:: Task brief ::
In the listing below, find the line containing "Infographic showing the" and the line containing "Boho Spring Bunny", then copy exactly everything from the first through the second, except the pictures.

:: Record set ::

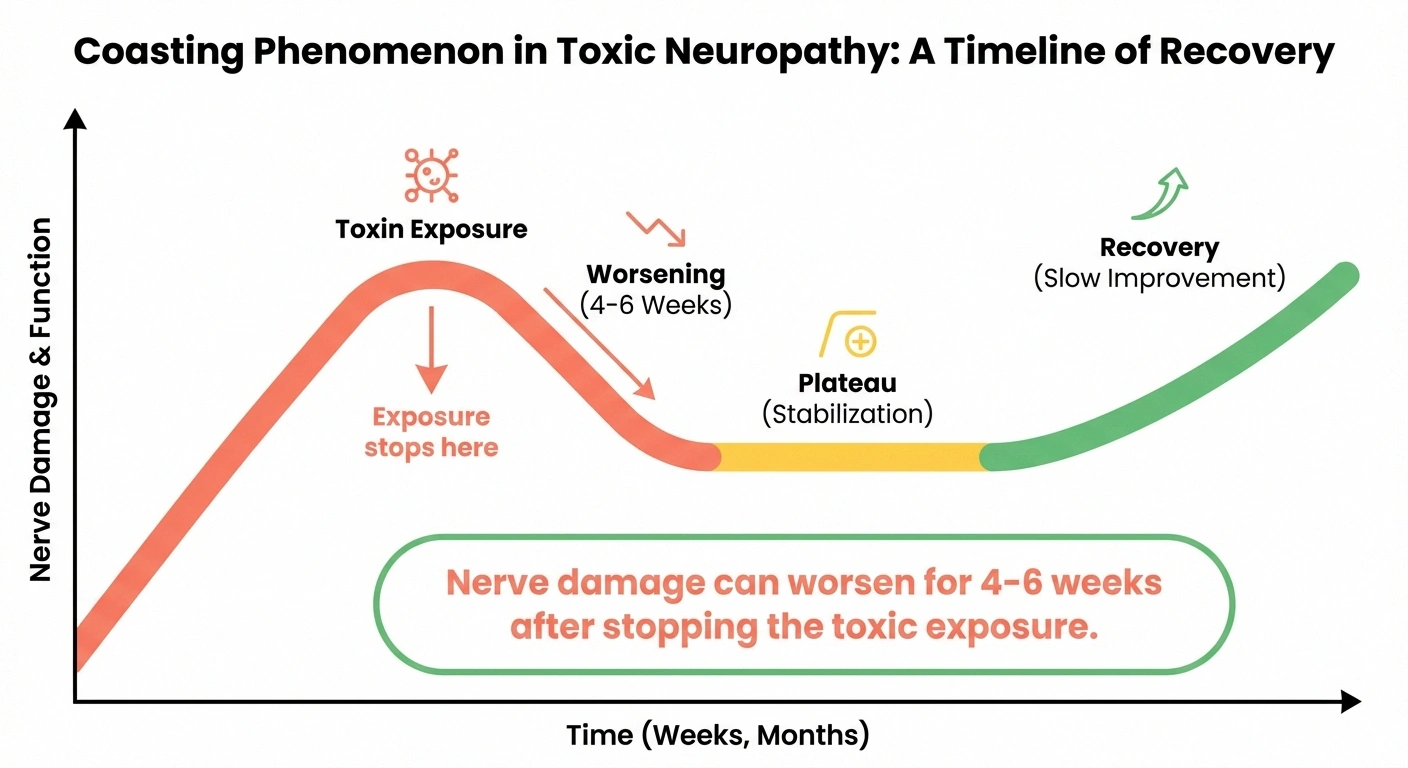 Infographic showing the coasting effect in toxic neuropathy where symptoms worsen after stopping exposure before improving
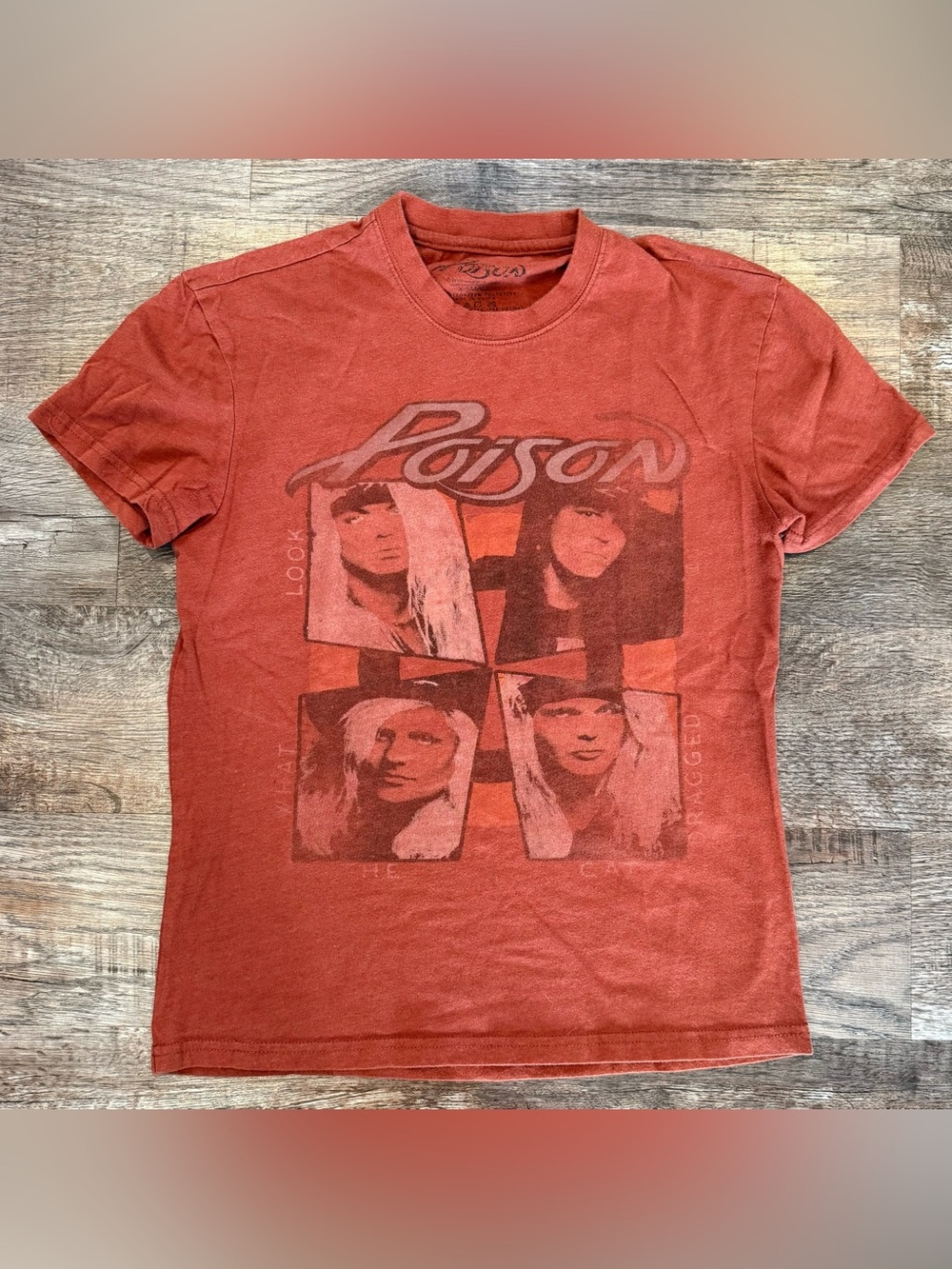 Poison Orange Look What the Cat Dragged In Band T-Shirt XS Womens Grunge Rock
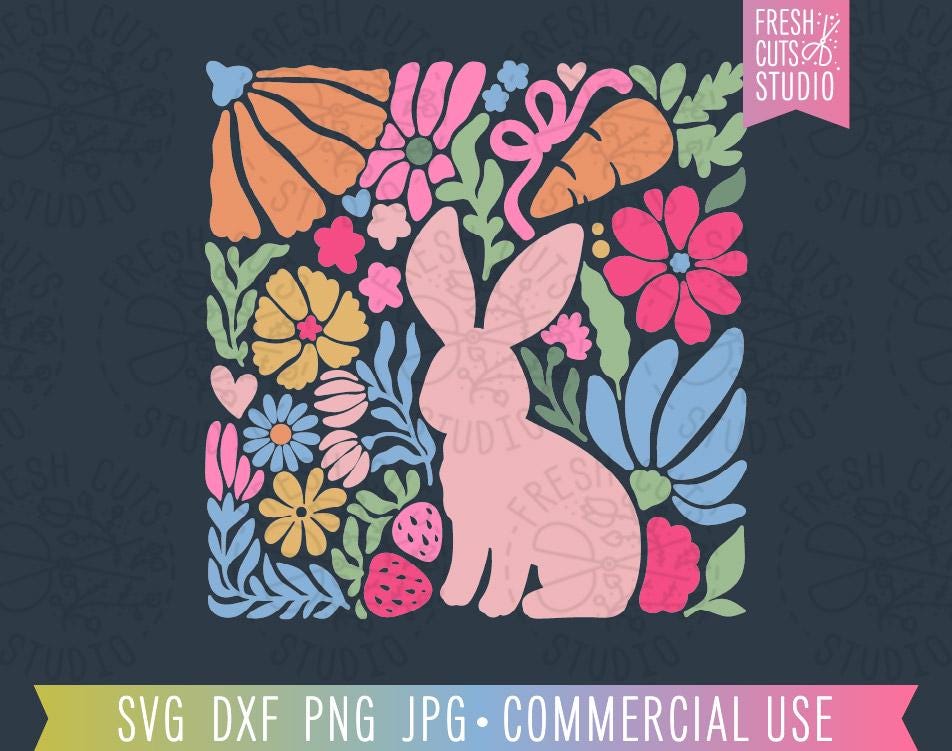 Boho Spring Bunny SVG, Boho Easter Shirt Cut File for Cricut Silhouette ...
==
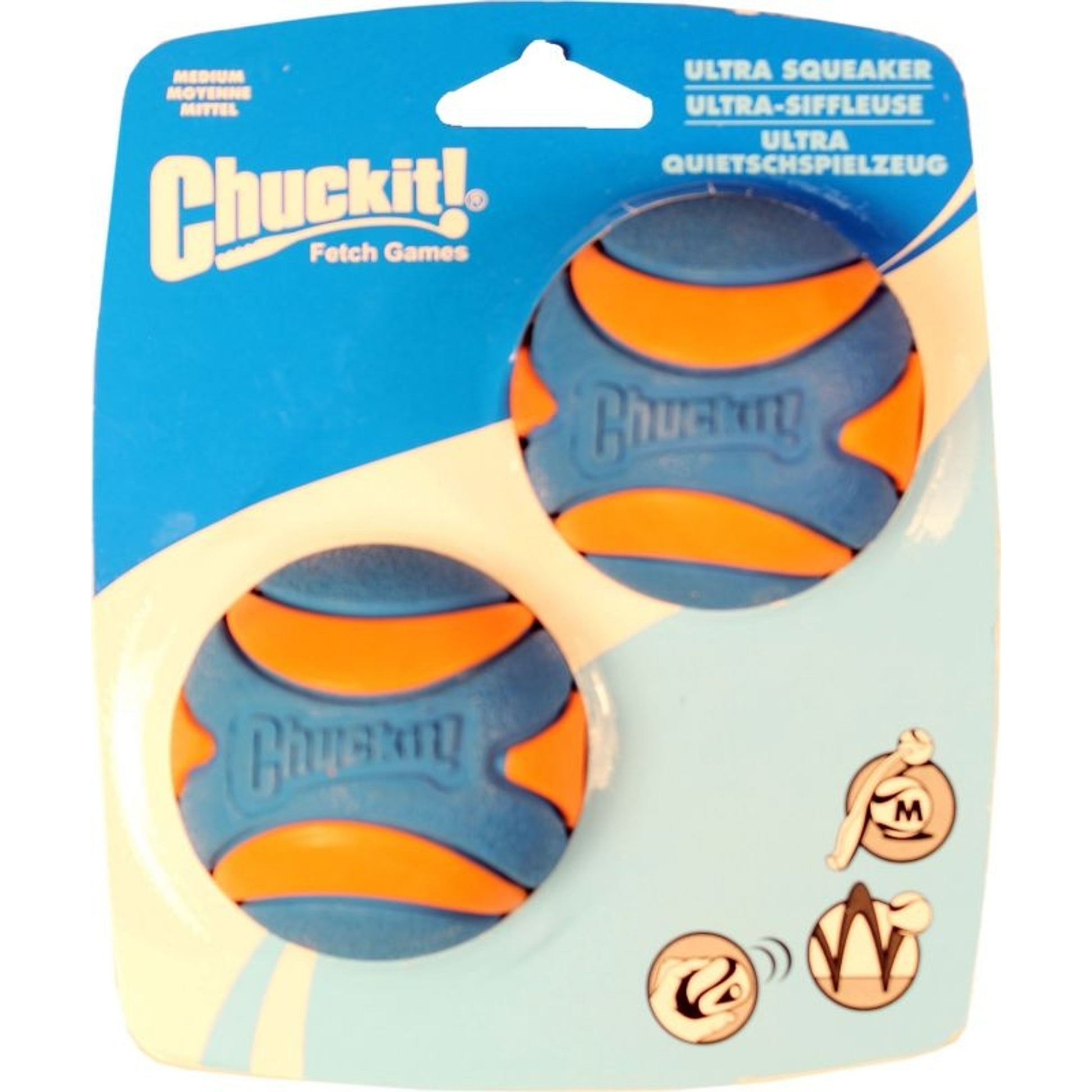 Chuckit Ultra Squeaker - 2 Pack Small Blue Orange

:: Solution to this task ::
 Infographic showing the coasting effect in toxic neuropathy where symptoms worsen after stopping exposure before improving
 Poison Orange Look What the Cat Dragged In Band T-Shirt XS Womens Grunge Rock
 Boho Spring Bunny SVG, Boho Easter Shirt Cut File for Cricut Silhouette ...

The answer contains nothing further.